▶ Task prompt
Begin with the line holding "this 1373×868 image." and end with the last line of the records below. Set down exactly those lines and leave out every picture.

▶ Records shown
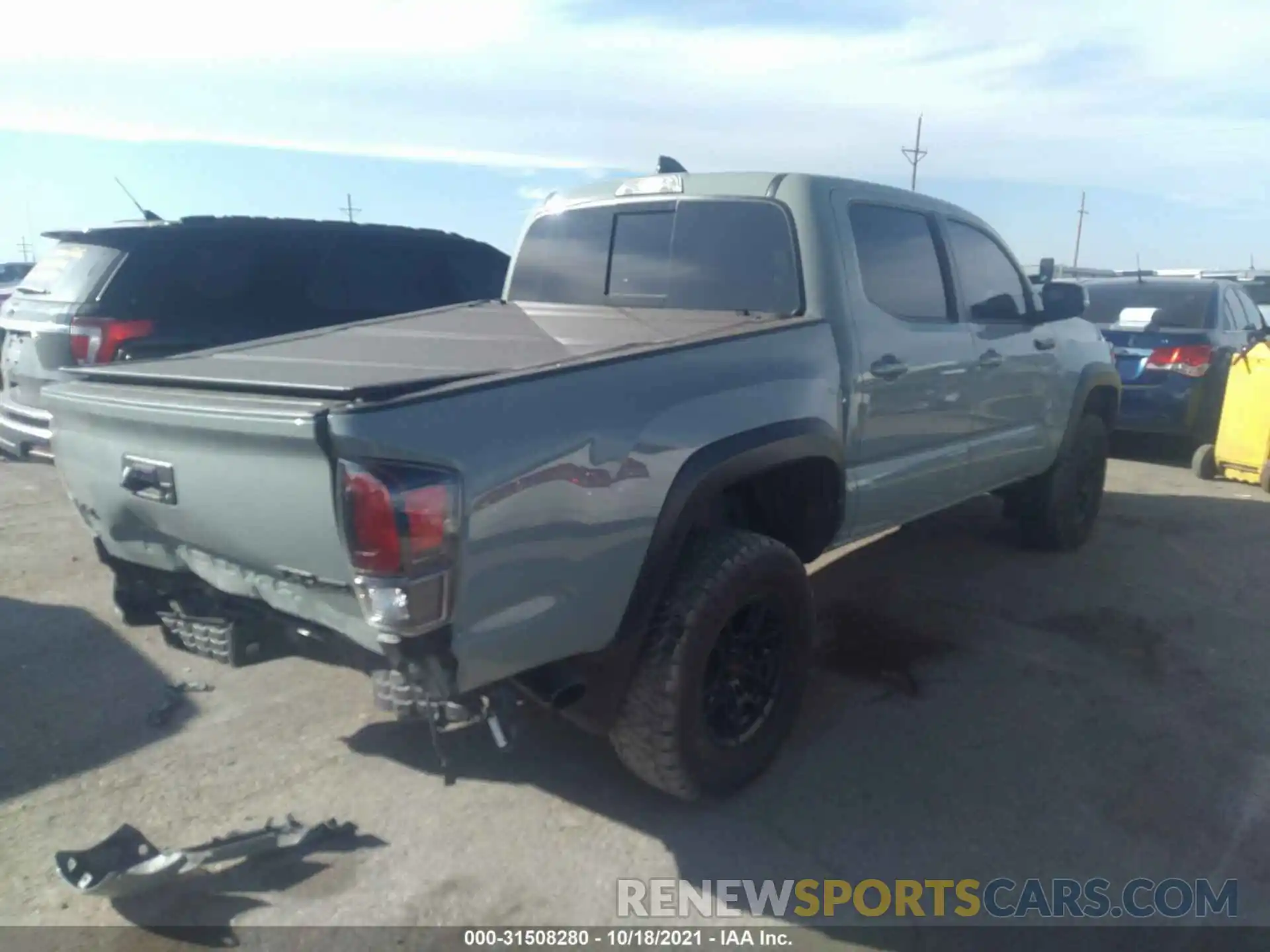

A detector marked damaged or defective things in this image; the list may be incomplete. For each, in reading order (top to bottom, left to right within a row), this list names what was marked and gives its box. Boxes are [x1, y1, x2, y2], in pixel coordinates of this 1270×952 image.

damaged rear quarter panel [327, 321, 843, 695]
broken bumper bracket [54, 817, 350, 898]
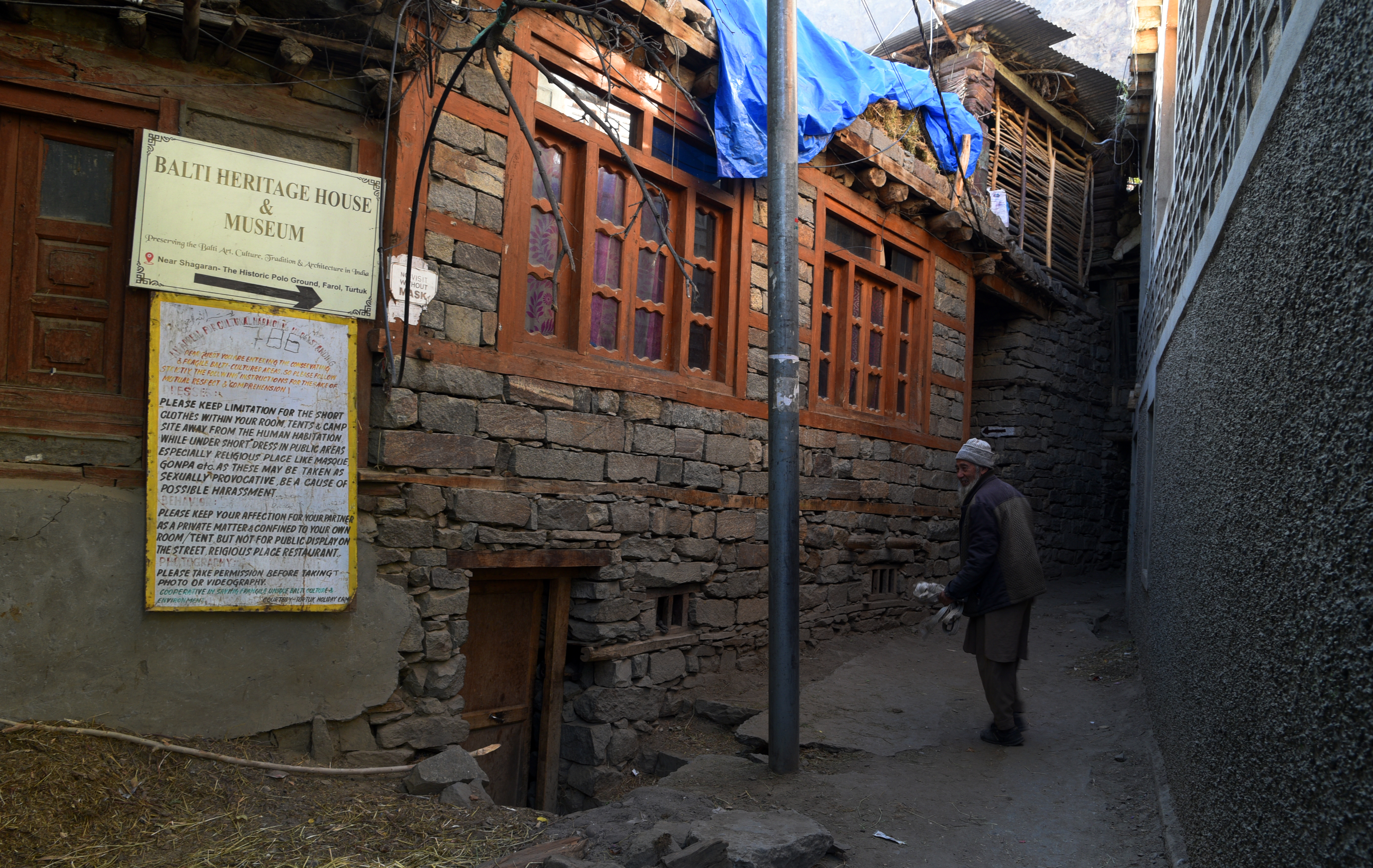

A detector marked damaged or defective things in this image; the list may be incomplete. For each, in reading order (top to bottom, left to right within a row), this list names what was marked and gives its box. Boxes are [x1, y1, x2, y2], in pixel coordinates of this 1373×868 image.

concrete wall with cracks [1126, 0, 1373, 862]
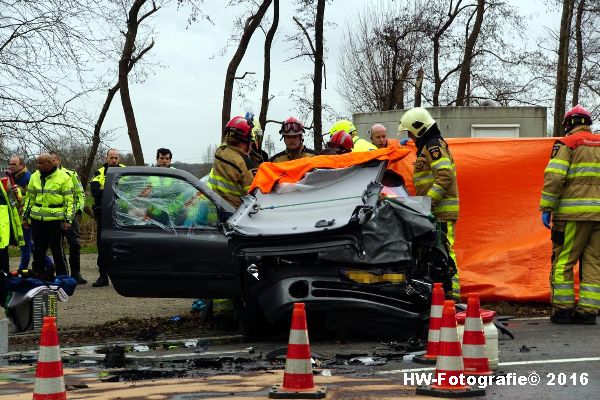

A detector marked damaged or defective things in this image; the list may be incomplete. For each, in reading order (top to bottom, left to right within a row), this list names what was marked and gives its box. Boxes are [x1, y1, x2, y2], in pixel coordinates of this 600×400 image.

shattered windshield [112, 173, 218, 233]
wrecked car [102, 155, 450, 336]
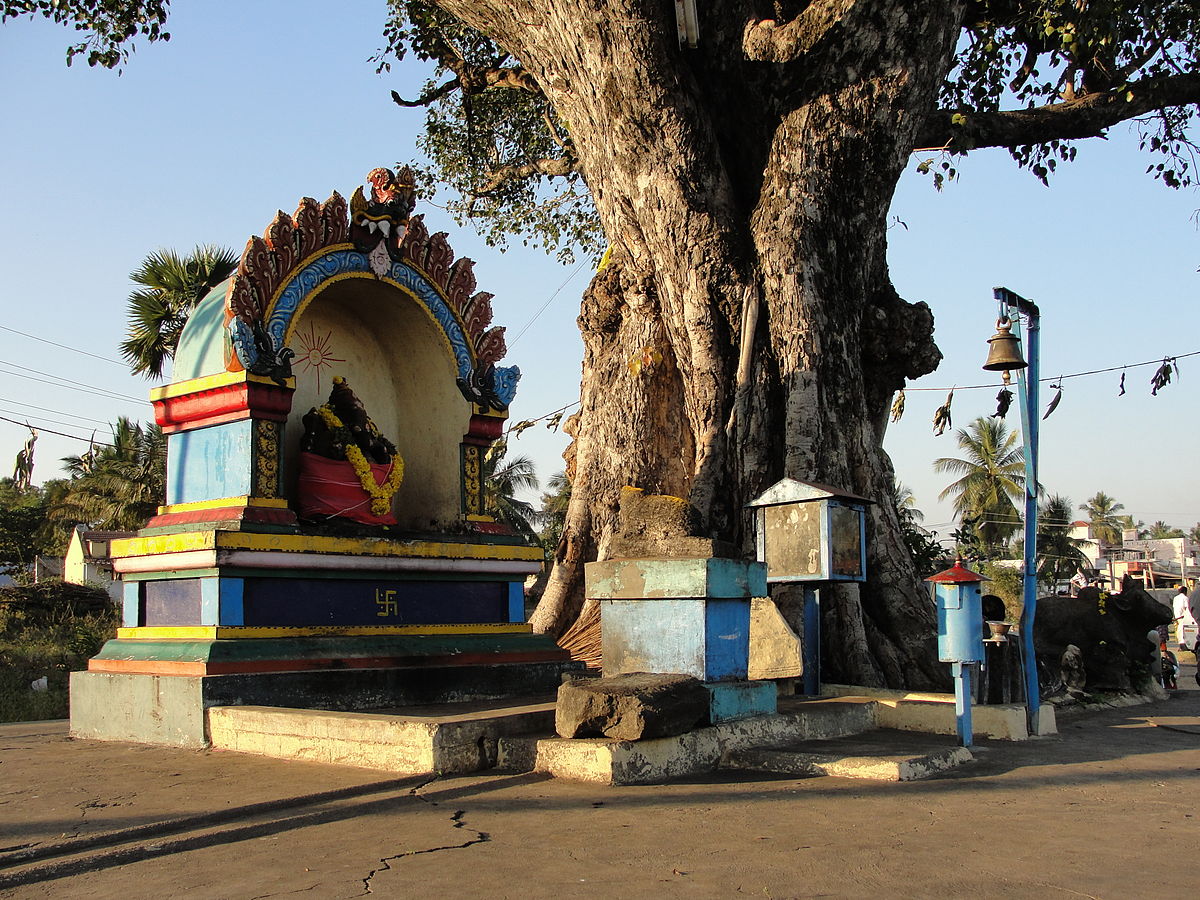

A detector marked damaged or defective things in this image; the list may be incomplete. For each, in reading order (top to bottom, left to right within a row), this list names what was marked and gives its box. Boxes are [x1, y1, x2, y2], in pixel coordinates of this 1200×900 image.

crack in pavement [357, 777, 489, 897]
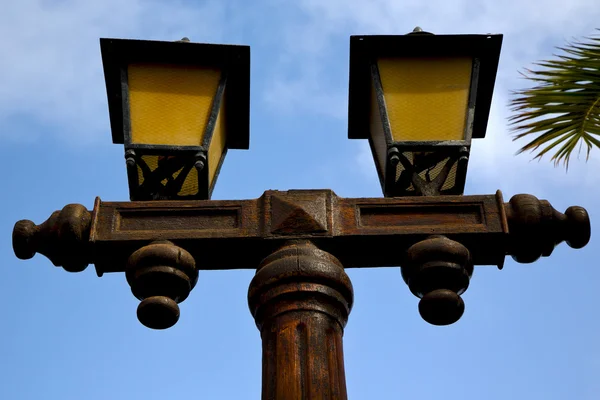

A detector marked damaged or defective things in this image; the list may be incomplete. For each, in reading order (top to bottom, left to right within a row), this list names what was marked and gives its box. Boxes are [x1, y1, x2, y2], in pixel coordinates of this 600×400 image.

rusty metal surface [11, 188, 588, 276]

▶ Exercise answer
A detector marked damaged or defective things in this image; the list may be incomplete. For each, in reading order (top to bottom, left to right within a row), this list names what was marked and gives its box. Boxes are [x1, y1, x2, y2], in pixel coordinates of this 1373×868 image.

concrete wall with cracks [1126, 0, 1373, 862]

A detector marked damaged or defective things in this image; the list may be incomplete. For each, in reading order (top to bottom, left to right within a row), this list names what was marked and gives its box. Boxes are [x1, y1, x2, y2], in pixel coordinates of this 600×400 image.

shattered windshield [112, 173, 218, 233]
wrecked car [102, 155, 450, 336]

A detector marked damaged or defective things in this image; the list may be incomplete. For each, in reading order (top to bottom, left to right within a row), this list names what was marked and gives its box. Boxes are [x1, y1, x2, y2], in pixel coordinates of this 1200×900 image.

crack in pavement [357, 777, 489, 897]

A detector marked damaged or defective things in this image; the list may be incomplete. For each, in reading order (top to bottom, left to right within a row), this list names what was marked and gives its box. Boxes are [x1, y1, x2, y2], in pixel coordinates of this 600×400 image.

rusty metal surface [11, 188, 588, 276]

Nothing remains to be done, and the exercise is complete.